Types of Investments Explained: Stock selection refers to the process through which a proper and systematic analysis is done to pick up the best stocks one could add to their portfolio based on theirs. There are several investment styles and strategies which investors can use to build up an optimal portfolio.

Types of Investments, a range of parameters is considered like the company’s size, sector performance, the P/E ratio, dividend history, etc. An ideal portfolio will be one that has a mixture of different stock types and investment strategies.

By incorporating different strategies, diversification can be achieved. In this article, we go through a range of equity investment strategies that are currently being employed by investors. Without further ado, let’s have a look at the different investment strategies.

Types of Investments Explained

This article will try to make you various Types of Investments Explained, Keep reading to find out more.

1. Growth Investing

Growth investing is one of the most popular investing styles. This investing approach means buying stocks that are attached to businesses having characteristics that their competitors lack. The measurable characteristics of these businesses include above-average growth rates in revenues or profits, etc. There also exist non-measurable factors here like brand value, repeat customers, etc. 

Growth companies refer to organizations that have demonstrated solid gains in earnings recently and which are expected to continue to deliver these high levels of profit growth. However, they don’t have an established history of solid growth in earnings.

In a nutshell, growth investors favor investing in typically young companies having a high P/E ratio, and these investors tend to rely on significant capital gains or stock price appreciation. These companies avoid paying dividends as they re-invest excess cashflows in their growth strategies.

2. Value Investing

Value investing refers to an investment strategy that focuses on picking up stocks that appear to be trading below their intrinsic or book value. The value investors are the believers that the market overreacts to extremely good or bad news. As a result, stock price movements don’t correspond to the long-term fundamentals of the company. 

These investors tend to exploit this opportunity, and they go long on the quality companies for the long term. Value investing means investing in well-established companies having low P/E ratios. These companies have a solid track record of dividends.

3. Dividend Investing

Dividend investing refers to a strategy that focuses on buying stocks that pay regular and consistent dividends. This strategy is suitable for investors who prefer receiving a regular income stream from the investments. This investing style is suitable for investors with a low-risk appetite. The companies in this investing style are renowned and have healthy dividend yields.  

4. Contrarian Investing

Contrarian investing means an investment strategy in which investors intentionally go against the current market trends. In short, this investing style means “selling at the time when others are buying”, and “buying when others are selling”. The herd mentality always stays in the equity markets. 

Several investors share the consensus that the market is doing well and should keep going up, or that the market seems to be in trouble and should be lower tomorrow than today.

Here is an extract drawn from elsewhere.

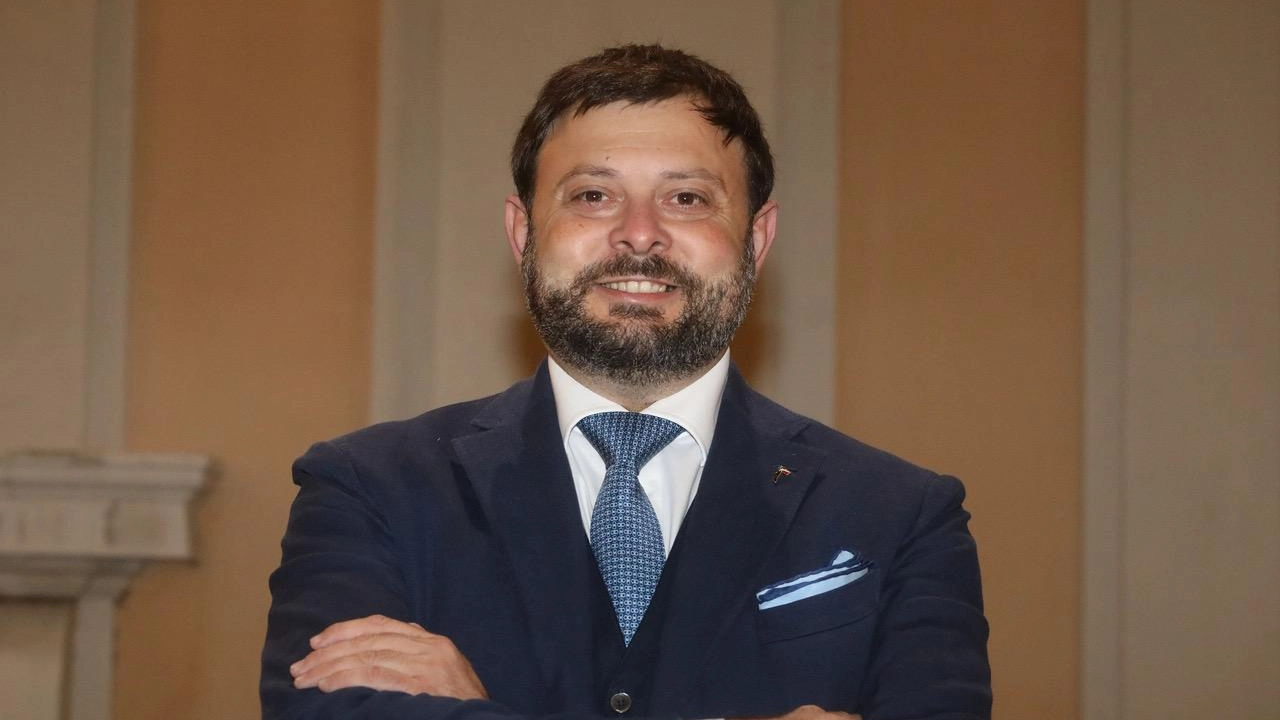Il capogruppo di Fratelli d'Italia in consiglio regionale, Vittorio Fantozzi, denuncia la complicazione eccessiva delle procedure per ricevere esiti di analisi del sangue presso la Asl di Lucca, promettendo di portare la questione a livello regionale per semplificarle. Il capogruppo di Fratelli d'Italia in consiglio regionale, Vittorio Fantozzi, denuncia la complicazione eccessiva delle procedure per ricevere esiti di analisi del sangue presso la Asl di Lucca, promettendo di portare la questione a livello regionale per semplificarle.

Contrarian investing refers to maintaining a viewpoint that is out of favor. Contrarian investors than do their research and assess an investment opportunity. 

5. GARP Investing

If you’ve read the above-mentioned growth and value investing strategies, and found yourself somewhere in between, then you should go for GARP investing. GARP, Growth at a Reasonable Price, is an investing strategy that combines attributes of both growth and value investing. These investors are on the lookout for the stocks that are trading for less than their estimated value but have earnings growth higher than the average market levels. 

6. Deep Value Investing

Deep Value investing strategy is an extreme version of value investing. This strategy means holding stocks of the companies having extremely low valuations. In most cases, these companies are out-of-favor or these companies belong to those industries which are particularly out of favor. In deep value investing, there are two elements: 

  • The large and significant margin of safety
  • Conservative valuation approach

In Closing

Types of Investments Explained with deep value investors tend to make money by finding stocks that the market has mispriced by a significant margin i.e., larger than the market should have. Most of the investing types have been explained in this article. Investors need to employ a mix of these strategies to come out with an optimal portfolio.

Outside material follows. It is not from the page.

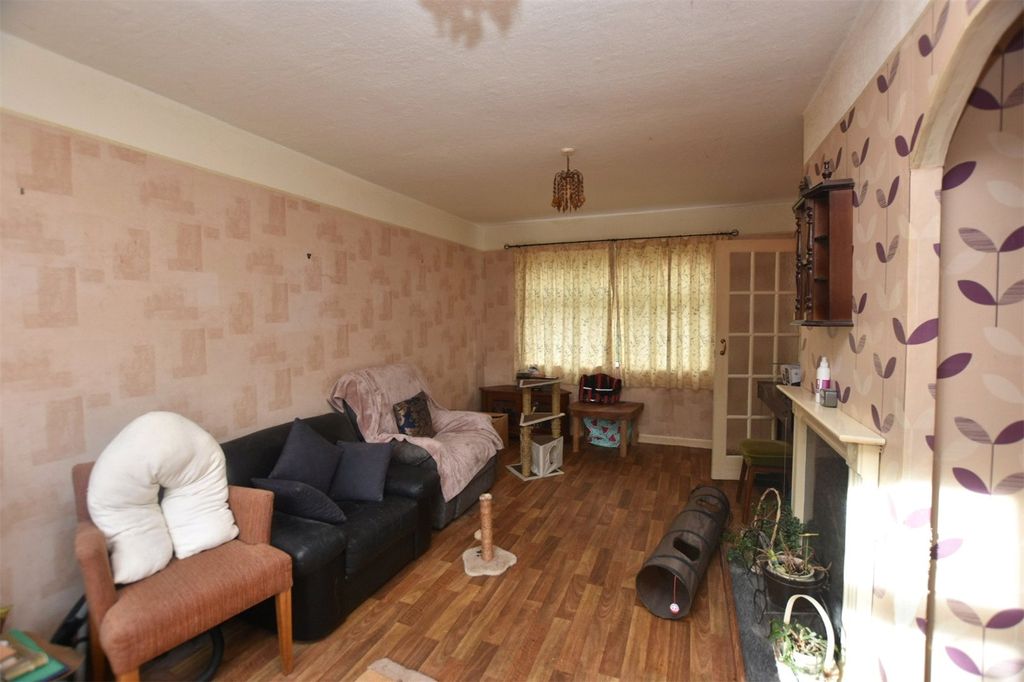 Property photo 3 of 18 Lounge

This goes without saying that an appropriate investment strategy is the one that is selected according to the risk profile. For some investors, only one investment strategy is required, while some investors require a blend of different strategies.   

If you’re new to the stock market and don’t know where to start, there are a few good online courses you can take. FinGrad has introduced a value investing course in educating you on analyzing and evaluating different firms.